『ウェブスター辞書と明治の知識人』早川勇(春風社)
明治行く箱舟、平成の腐海にこそ浮けよかし
本書は、アメリカン・ルネサンスを代表する作家ハーマン・メルヴィルの『白鯨』冒頭を一種の引用辞典にして、それによって「クジラ」を定義するなど、辞書と辞書メタファーに敏感なところを示している。メルヴィルが日常使っていた字引の代表格がノア・ウェブスター編纂のウェブスター大辞典であることに間違いなく、まるで大きな箱のような形態と編集者当人の名に引っ掛けて、この大辞典を「ノアの箱舟」と譬え、それが捕鯨船ピークォド号と二重映しになってなかなか笑えるウィットを思いついたりしている。
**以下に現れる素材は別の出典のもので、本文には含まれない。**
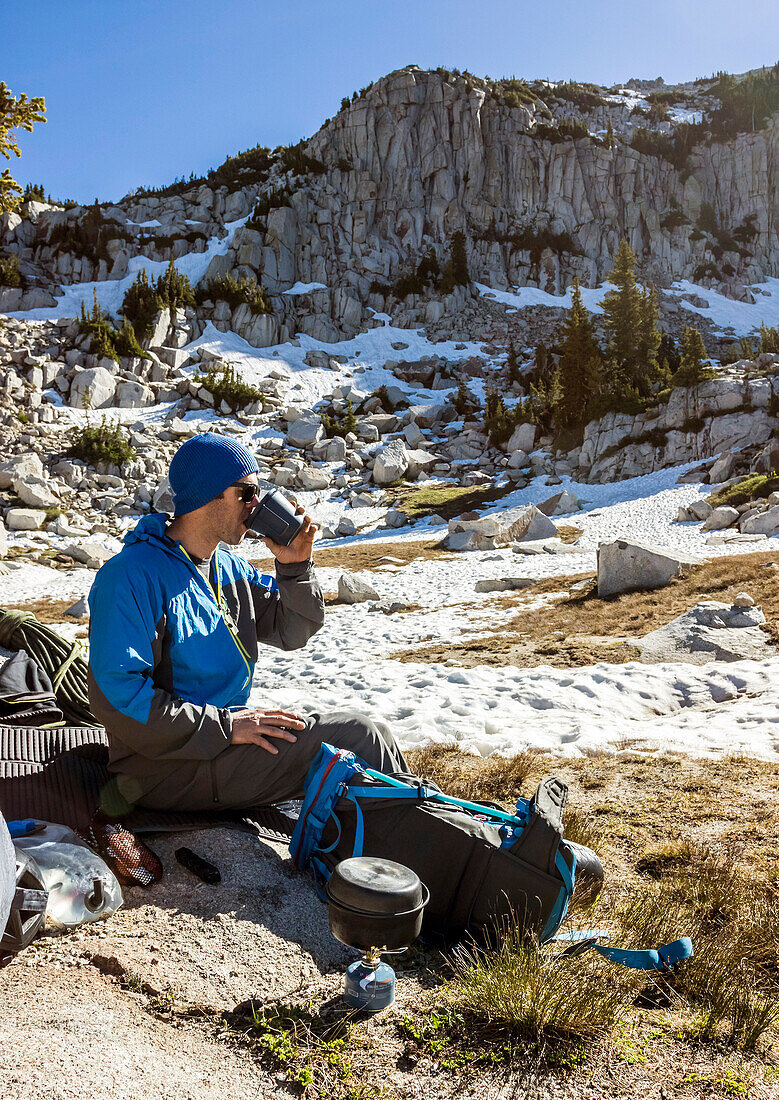 A Man Cooks Breakfast And Enjoys His Coffee While Camping In The Lone Peak Wilderness In Utah's Wasatch Mountains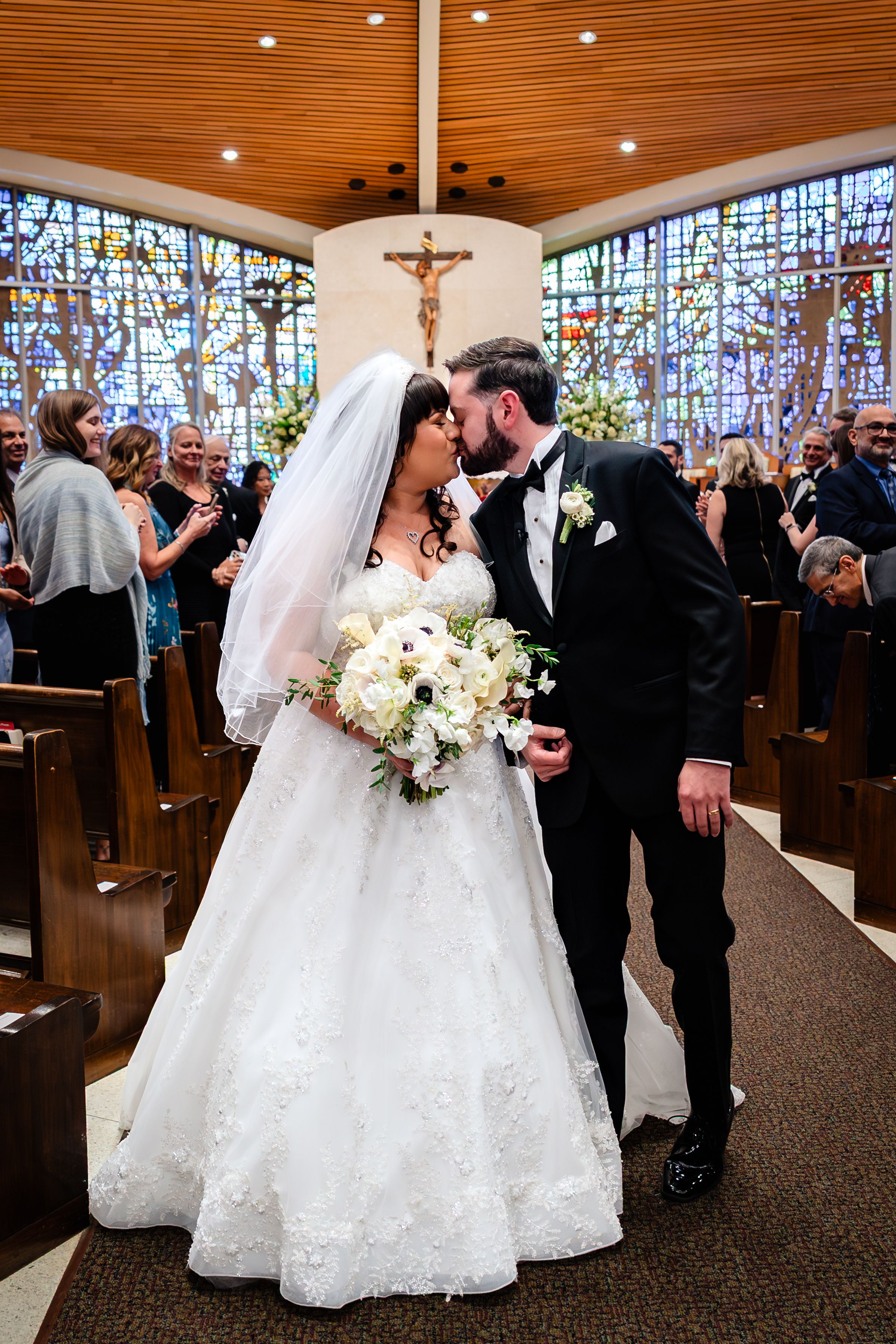 Wedding ceremony in church with stained glass windows and wooden ceiling details.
ノア・ウェブスター(1758-1843)は生没年を見るまでもなく、アメリカがイギリスから独立する長い戦争の顛末とそっくり重なる時代の国民的スターの一人である。印紙税、ボストン茶会事件から南北戦争前夜に向けての非常に政治的な季節に、イギリスとの袂別を英語ならぬ「米語」の確立を通して実現しようとした大変愛国主義的な仕事が彼のウェブスター「米語」辞典である。宗主国イギリス本家の英語の大権威たるジョンソン博士の有名な『英語辞典』(1755)への徹底批判から、この仕事は出発している。
移民に文盲が多いこともあり危難の国家を、ピューリタン道徳で求心力あるものとして維持発展させようとして、ウェブスターの綴り字教則本、文法書、そして読本の「英語文法教本」3点セットができ、その成果が1828年の『大辞典』に爆発したのだが、本書は1806年にアメリカ初の国産英語辞典として出発したウェブスター辞典がさまざまな簡約版を錯綜させながら、1890年には国際版に至る幾多の系列を持つ「ウェブスター」辞書群に発展するまでの離合と集散の歴史を、まず第一部として手際よく概観する。接触言語学の中心人物・早川氏の学殖は確固としてよどみない。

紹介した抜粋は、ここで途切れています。